While I wrote about the preschool application process yesterday, these days I spend more time trying to figure out what we're going to do about elementary school in a year and a half.
As I've written before, we're probably going to start out by sending D to the local public elementary school, which is exactly 2 blocks from our front door. I'm a big believer in public schools, and it would make our life immeasurably easier to send the boys to a school that's so close, but this is still not an easy decision. Even though we live in a pretty affluent area, this elementary school serves an overwhelmingly low-income population -- about 85 percent of the kids qualify for free lunches*. Free, not free or reduced price. As is the case with most schools serving low-income kids, the test scores have been atrocious. So I worry about teaching to the test, I worry about whether D (who is already starting to read) is going to be bored, and I worry about whether there's going to be peer culture that says its uncool to be good in school.
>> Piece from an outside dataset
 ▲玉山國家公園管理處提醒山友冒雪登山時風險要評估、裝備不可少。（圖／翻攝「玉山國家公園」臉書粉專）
I also don't like to think about the arguments we're going to have when many of his classmates' parents allow them to roam around the neighborhood without adult supervision at what I think is absurdly young ages.
But I like the new principal and I'm impressed by the teachers I've met. We went to the open house a couple of weeks ago, and we practically had to carry D home because he didn't want to stop exploring the classrooms. The kindergarden classes only had 13 kids per class this year (with a teacher and an aide), which is a big plus. And they're talking about trying out multi-grade classrooms for the K-2 students to allow for more individualization of the curriculum. So I think we're going to give it a try. But I second-guess myself on this all the time.
Bitch PhD wrote an interesting post yesterday about the life lessons she learned from attending academically mediocre inner-city schools:
"I learned how to be comfortable with people from the wrong side of the tracks, to think critically about race and class and how they play out in subtle ways, and that there is a really major difference between intelligence and privilege, though the two are usually confused."
Those are lessons that I'd like my kids to learn, but not at the cost of academic skills. Dr. B argues that she got those at home regardless. I think that's probably true of most of what kids learn in elementary school, but I'm not convinced it's the case in the upper grades.
Toronto Mama has also been worrying about schools, and she points out that the safety issue can be the trump card when looking at urban schools: "I do not want my babies to be afraid to go to school." Fortunately, I don't think that's an issue here.
* The houses here are small, and the upper-income residents typically don't have kids, or move further into the suburbs before their kids hit school age. And many of those who do have school-age kids send them to either private school or the "traditional" magnet school.